I'm a new user so I cannot respond directly to this post here.
I'm confused about the answers to the question, namely that MAX-2-XOR-SAT is in $P$ iff each clause is of the form $(x_i \oplus \neg x_j)$ (or is it $(x_i \oplus x_j)$? There were two different answers). Couldn't you make a simple substitution $\neg x_i \rightarrow y_i$ such that this is always the case, so that you can get the special case always? For example, you could convert, $(x_1 \oplus \neg x_2) \wedge (x_1 \oplus x_3)$, to $(x_1 \oplus y_2) \wedge (x_1 \oplus x_3)$.
Forgive me if there is something obvious I am missing...I'm new to this field.

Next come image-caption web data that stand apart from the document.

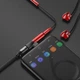 Перехідник AUX Baseus L41 Type-C to Type-C + 3.5mm black - зображення 3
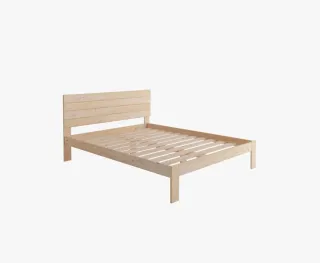 Estructura de cama de madera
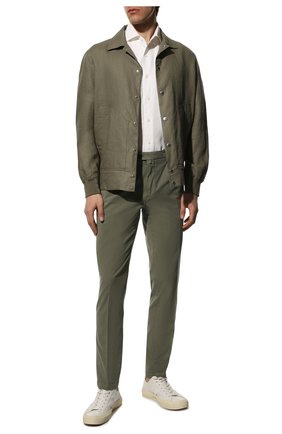 Мужская льняная рубашка CORNELIANI белого цвета по цене 31950 руб., арт. 89I126-2111912/00 | Фото 2 Мужская льняная рубашка CORNELIANI белого цвета, арт. 89I126-2111912/00 | Фото 2 (Материал внешний: Лен; Рукава: Короткие; Длина (для топов): Стандартные; Случай: Повседневный; Принт: Однотонные; Рубашки М: Regular Fit; Воротник: Акула; Стили: Кэжуэл)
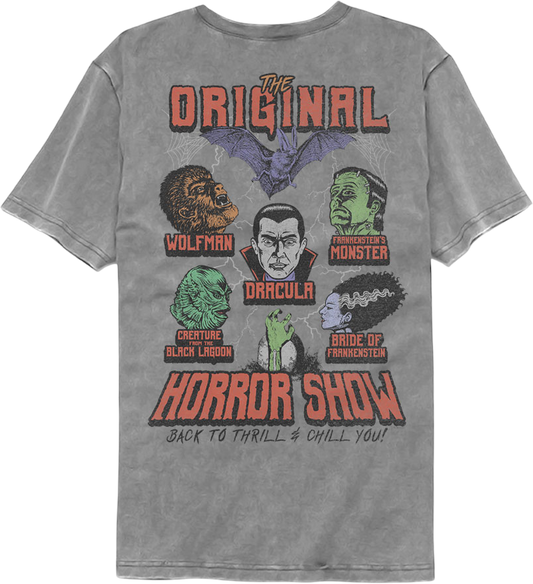 Front & Back Universal Monsters Comfort Colors Brand T-Shirt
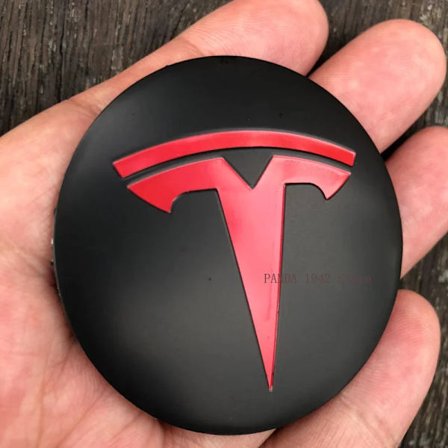 4 ST Navkapslar Centrumkåpa Emblem Klistermärke för Tesla Model 3 Y S X Flera Färger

To clear up confusion, I'm asking if a substitution is made for all clauses with a matching variable. Take for example,
$$(x_1 \oplus x_2) \land (\neg x_1) \land (x_1 \oplus \neg x_3)$$
By substituting $\neg x_3 \rightarrow y_3$ we get:
$$(x_1 \oplus x_2) \land (\neg x_1) \land (x_1 \oplus y_3)$$
Where each 2-clause is of the form $(x_i \oplus x_j)$. It seems that in this case it still remains in $P$. Which raises a new question, how do single clauses affect the complexity of the solution?